El último cónclave estuvo en todos los canales y muchos programas de entrevistas se ocuparon de él. Hicieron largas transmisiones en directo con estudiosos que explicaban en qué consistía un cónclave. Para muchos japoneses era un tema desconocido. No obstante, fue un acontecimiento que tuvo gran repercusión en la opinión pública. En 2014 se cumplieron cuatrocientos años de la expulsión de los misioneros de Japón y de la prohibición de profesar la fe cristiana. Rezamos para que el Pontífice visite nuestra tierra, tan rica en historia y mártires. Aunque sabemos que será muy difícil, considerando los numerosos compromisos del Santo Padre.

Háblenos del tercer encuentro que la llevó a abrazar la fe católica
Cuando todavía estaba en el tercer año de la escuela secundaria, una religiosa nos dijo que veríamos con nuestros propios ojos la reliquia del santo más importante de Japón. Había conocido a Francisco Javier en los libros de escuela. Era el año 1949, habían pasado cuatrocientos años de aquel lejano 1549, cuando el gran jesuita llegó por primera vez a Japón. Por tanto, no esperaba ver una reliquia tan bien conservada. Había leído algunas historias sobre el cuerpo de san Francisco Javier que decían que unos años después de su muerte, cuando el cuerpo fue sometido a una visita para verificar su estado de descomposición, le pincharon el abdomen y salió sangre, como si estuviera vivo. Pero pensaba que eran meras historias. Cuando el brazo de san Francisco Javier llegó a la iglesia de Kojimachi, fuimos a verlo. Recuerdo que era el brazo derecho, el mismo brazo que utilizó para bautizar a miles de personas. Tuve una impresión muy fuerte. Pensé en todos los cristianos que conocía: todos eran herederos de la gesta realizada con ese brazo. Los dedos estaban tan bien conservados, que parecían los de un anciano, no los de una momia de cuatro siglos.

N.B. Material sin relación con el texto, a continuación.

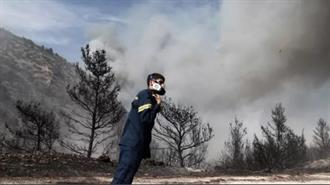 Αναδασωτέα 3.123 Στρέμματα της Καμένης Δασικής Έκτασης από την Πυρκαγιά της 4/6, στο Δήμο Βάρης-Βούλας-Βουλιαγμένης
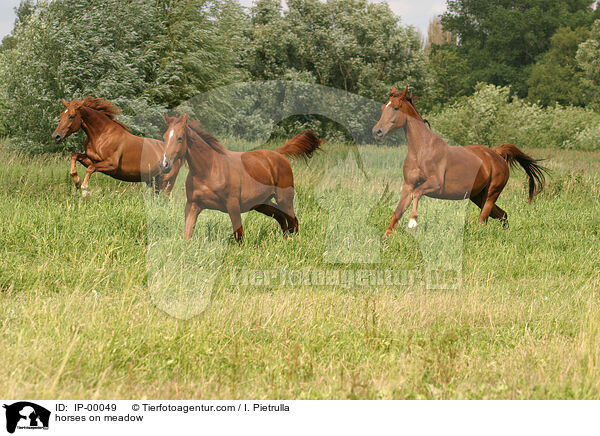 horses on meadow / IP-00049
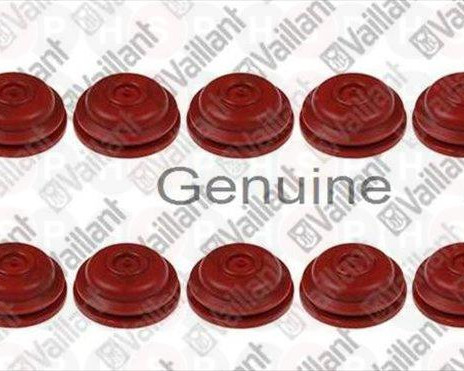 Gasket (PK10)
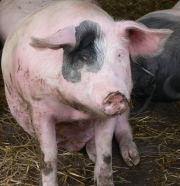 Schweinepreise NRW 16.05.2023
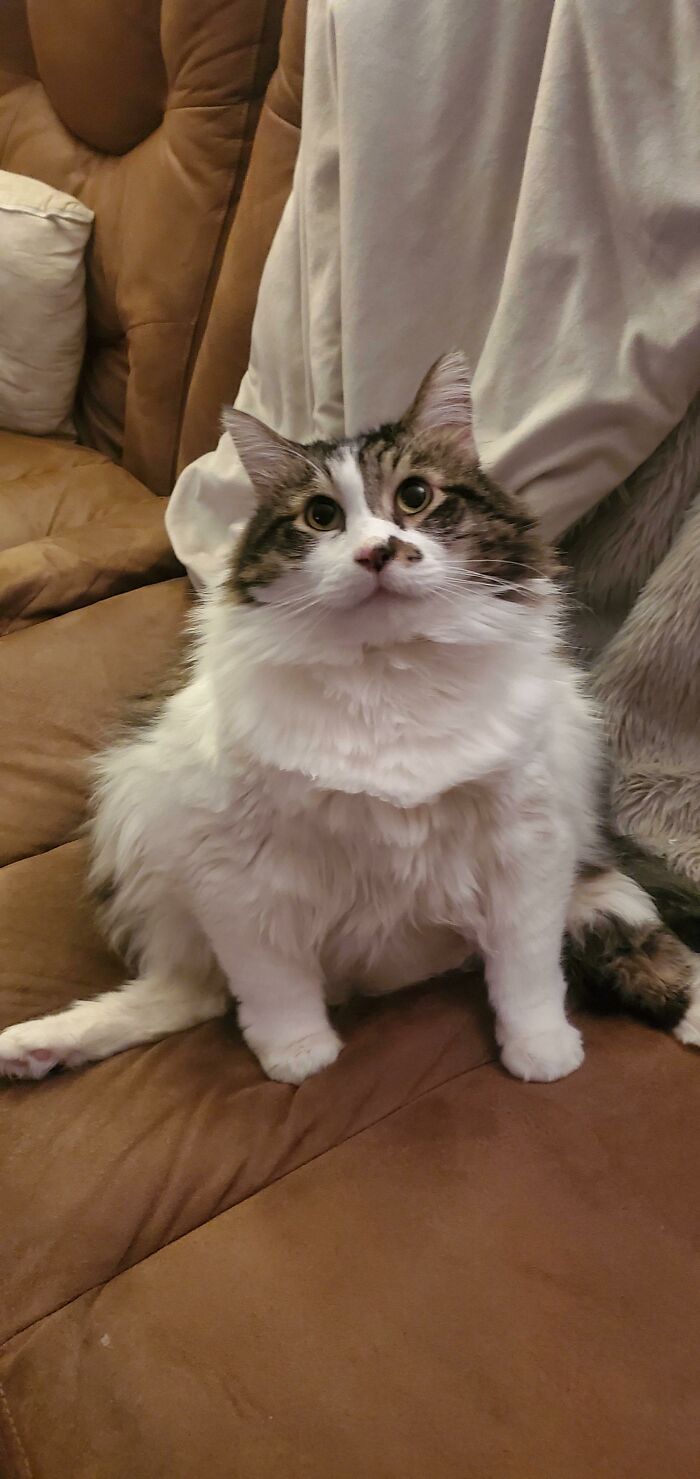 My Extremely Loving 25 Lb Ball Of Fluff, Daemon Is Ready For His Audition For The New Icon =) He's Part Maine Coon And Part Turkish Van So He's A Huge Boy. As Big As My Torso. He's So Sweet And Loving And Sleeps With Me Every Night. I Love My Sweet Boy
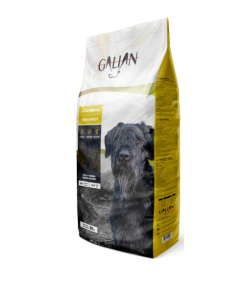 GALIAN DOGS HIGH ENERGY SACO 20 KG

¿Y a qué edad se bautizó usted?
A los 22 años, frecuentaba el último año de universidad. También mi madre se bautizó siguiendo mi ejemplo, cuando tenía 70 años. Incluso mi padre, a pesar de todo, al final decidió bautizarse, pero solo en la hora de su muerte. Era el año 1994: decía que tenía miedo de no encontrar a nadie en el más allá, porque toda su familia se había convertido al catolicismo (ríe).Al final de la segunda guerra mundial, debido a la decadencia del culto del emperador, en Japón se ha producido un enorme vacío espiritual. Y así, también gracias a la llegada de numerosos misioneros, el cristianismo ha conocido uno de los períodos más fecundos desde que desembarcó, cuatrocientos años antes, en estas tierras.